- [Work order]: Give the lines again exactly as they appear below, from the line with "VT license plate LSP021" to the line with "18917T0 North Dakota License Plate", both included, and only those lines. Leave every picture out.

- [Supplied records]:
>>>
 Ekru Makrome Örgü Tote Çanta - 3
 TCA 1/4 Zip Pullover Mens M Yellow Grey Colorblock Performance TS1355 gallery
<<<
>>>
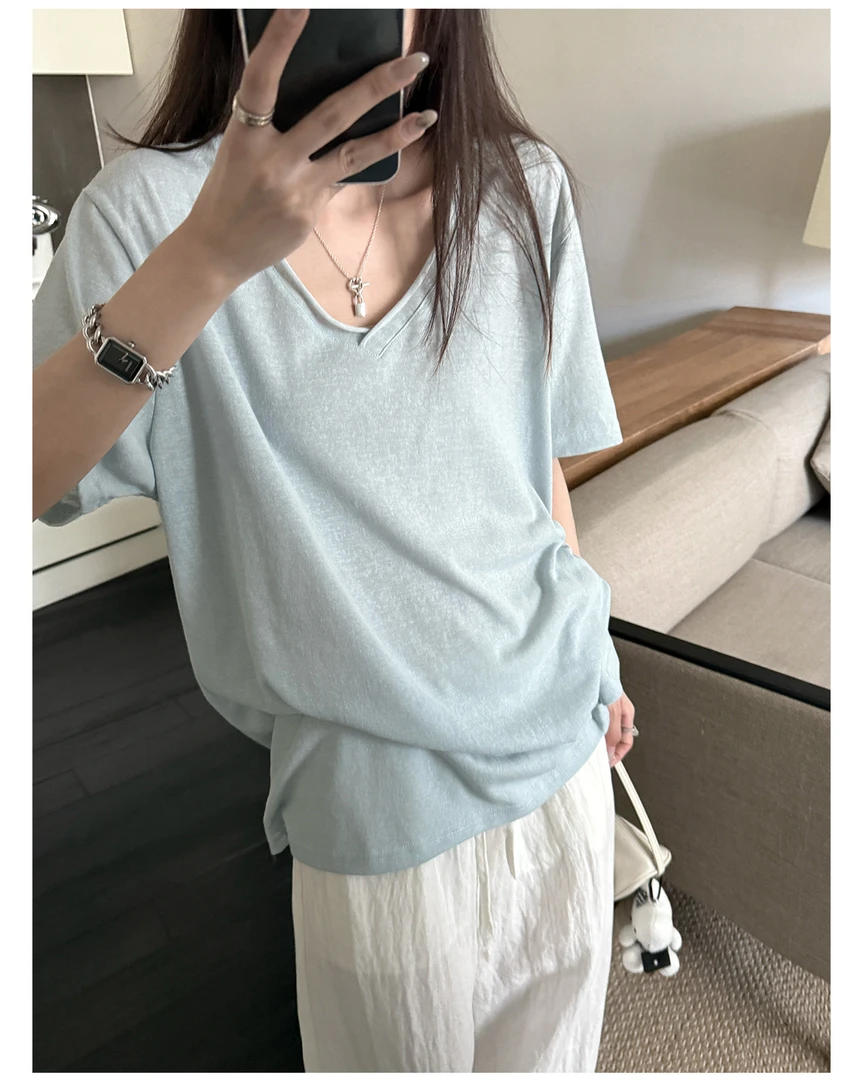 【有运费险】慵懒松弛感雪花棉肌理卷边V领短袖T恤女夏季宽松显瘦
<<<
>>>
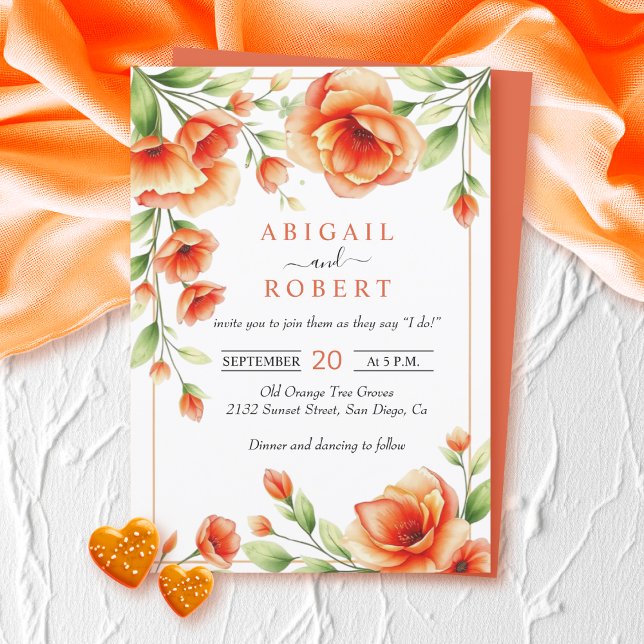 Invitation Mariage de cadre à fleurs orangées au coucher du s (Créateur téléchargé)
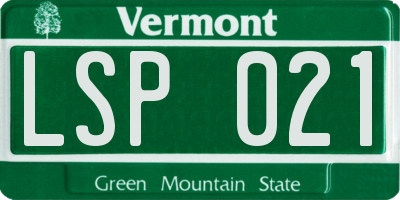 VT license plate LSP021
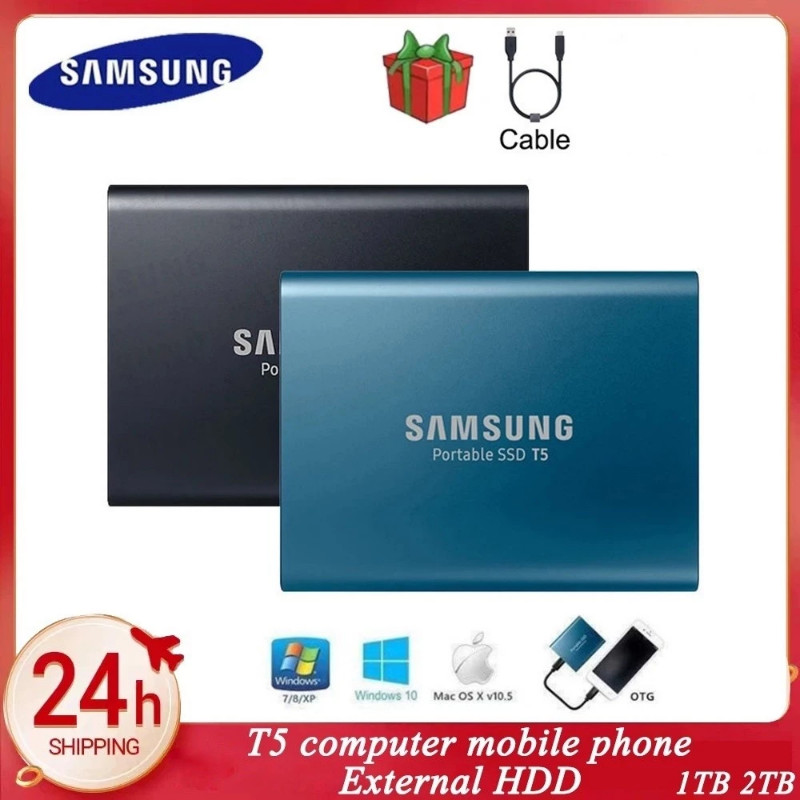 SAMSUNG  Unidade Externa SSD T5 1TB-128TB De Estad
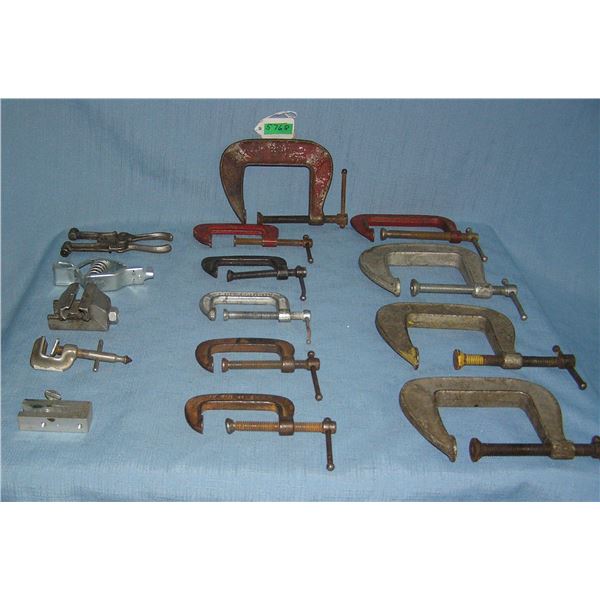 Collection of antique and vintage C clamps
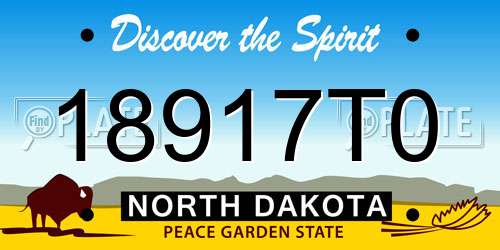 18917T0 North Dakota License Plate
<<<
- [Written response]:
 VT license plate LSP021
 SAMSUNG  Unidade Externa SSD T5 1TB-128TB De Estad
 Collection of antique and vintage C clamps
 18917T0 North Dakota License Plate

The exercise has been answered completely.